Steinberg couldn’t remember if either of his children were on a waitlist to get into SDA but said LCC would have been fine if they had not been admitted to SDA. He does not live within walking distance of either school.
“When people say I can’t be objective, they don’t know my background,” he said. “I’ve had some experience in the past with this district on a boundary school issue.”
Steinberg is referring to his battle with the school district more than seven years ago, over San Dieguito’s decision not to build a middle school in his neighborhood in La Costa Valley.
Even though his school had not been built yet, he said it was the “same basic concept” – the importance of children attending a neighborhood school.
“I really understand where these folks are coming from,” he said.
Grove said Steinberg is an excellent choice for a facilitator not in spite of but because he struggled with the district on similar issues in the past.
“He has no problem taking the district on, as he’s demonstrated,” Grove said. “I think that gives legitimacy to the fact that he’s not going to be a district yes-man on any of this.”
Grove added that Steinberg’s experience in the past means he has the knowledge and context of the boundary and enrollment issues the district is wrestling with.
“There’s value in having someone who understands it rather than just hiring some random facilitator from outside the district who would come in and wouldn’t necessarily understand the community and the issues,” Grove said.
“I’ve been involved for many, many years with this district,” Steinberg said. “I understand there’s a tremendous amount of passion around this issue.”
Steinberg said the charge of bias is unfounded also because the study group will not vote or make recommendations.
“We are simply coming up with ideas and options and exploring how those options can be put into play,” he said.
Study group members
An email soliciting applications was sent to every parent in the district in September, and Grove said 16 parents were selected to serve on the study group, out of 104 applicants.
Grove and Steinberg sorted through the applications, seeking input from SDUHSD site administrators as well as feeder districts.

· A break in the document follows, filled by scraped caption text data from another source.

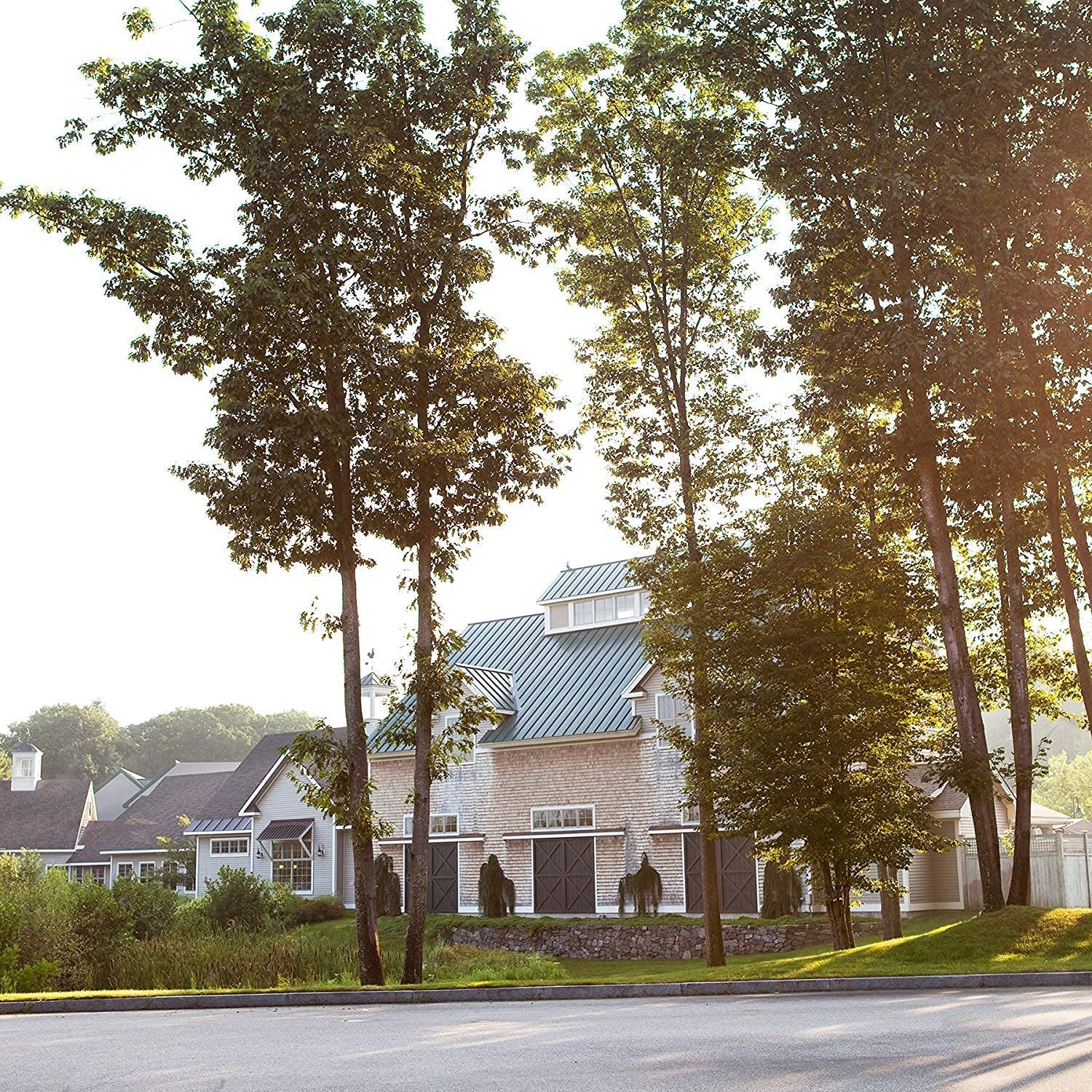 Urban Accents Movie Night Sweet Shoppe Gift Set Collection-Popcorn Seasoning Variety Pack (set of 8) - 3 Non-GMO Popcorn Kernel Packs and 5 Gourmet Popcorn Snack Seasonings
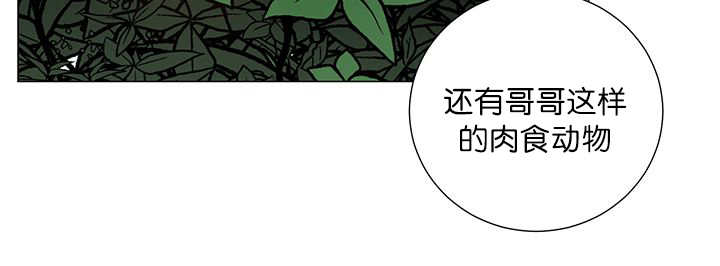 旷野之息失落遗迹下载漫画,第19话2图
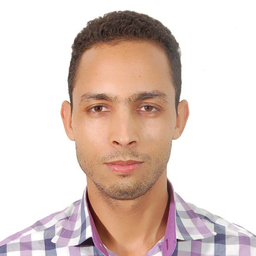 Prof. M Barak ALAOUI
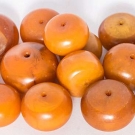 FOURTEEN LARGE EGG YOLK AMBER BEADS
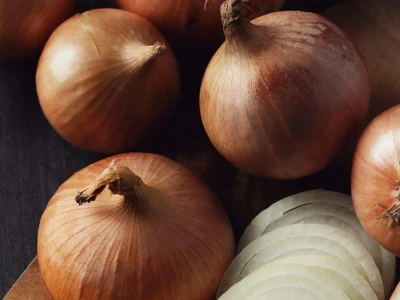 Darcy 25.000 szem vöröshagyma vetőmag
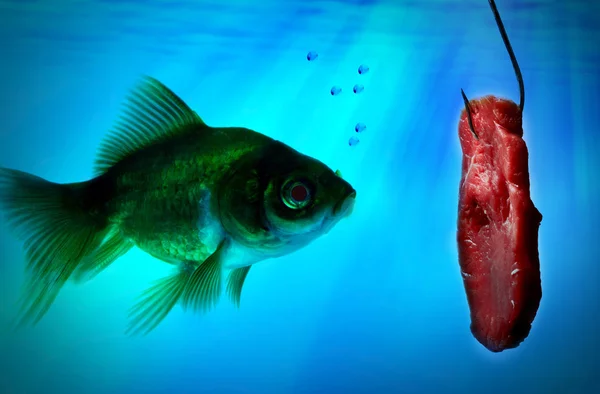 Poissons seuls dans l'eau — Photo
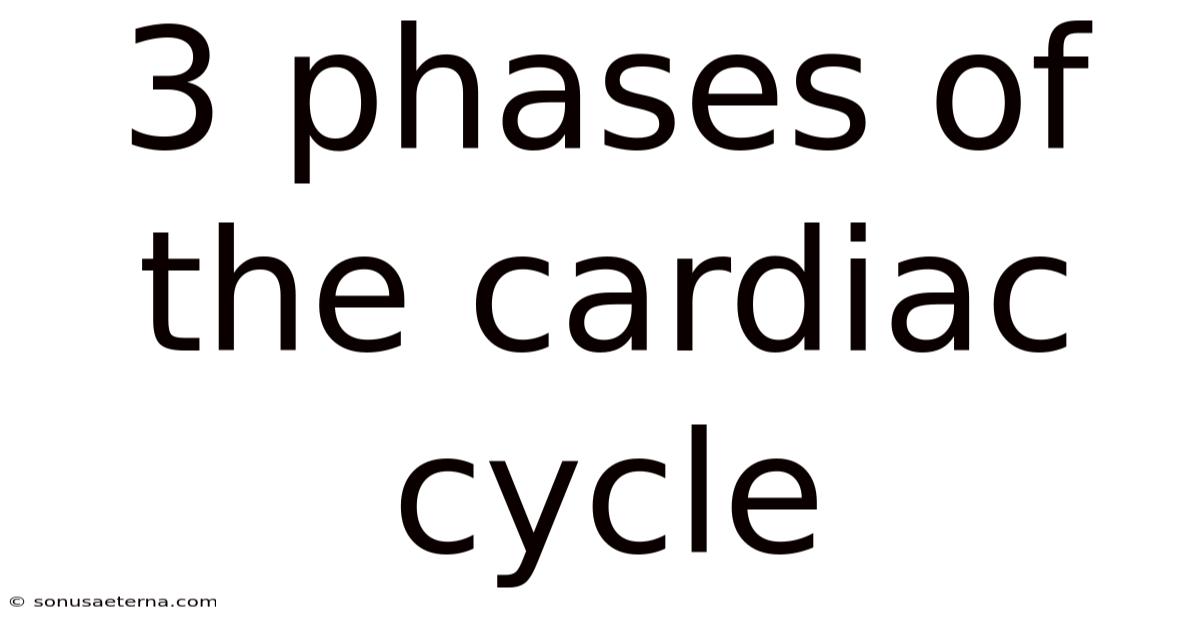 3 Phases Of The Cardiac Cycle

Board members were not involved in the selection process, Grove said.
The questionnaire was extensive, asking about their interest in joining the group, prior relevant experience or skills, opinions on the issues, involvement in other school groups or activities, and availability to meet during day and evening hours.
Grove said they wanted a mix of members who supported boundaries and those who didn’t. Besides diversity in positions on the issues, they sought geographic representation from communities throughout the district and parents with kids of varying ages.
In addition to the 16 parents, the study group will include eight certificated staff members (teachers and counselors) – two from each of the four comprehensive high schools. Interested teachers and counselors were invited to apply and were chosen by Grove and each site’s principal. The goal was to select people with diverse perspectives as well as those who work well in a group.
Also serving on the study group are two principals (David Jaffe from Torrey Pines and Tim Hornig from San Dieguito Academy), Grove, and another district administrator who oversees enrollment projections.
In addition, two students from each comprehensive high school were recruited and selected by the high school principals. That makes 36 members total.
Grove said he would not release the names of the study group members until after the first meeting on Nov. 12.
Because “there is already significant misinformation about this topic,” Grove said he first wants to make sure “that all participants are clear on some basic information regarding high school enrollment, the group’s purpose, and their role in it.”
The dates of the meetings will also not be made public, but information will be posted periodically and open forums will be held to allow the group to share information with the community and seek public input.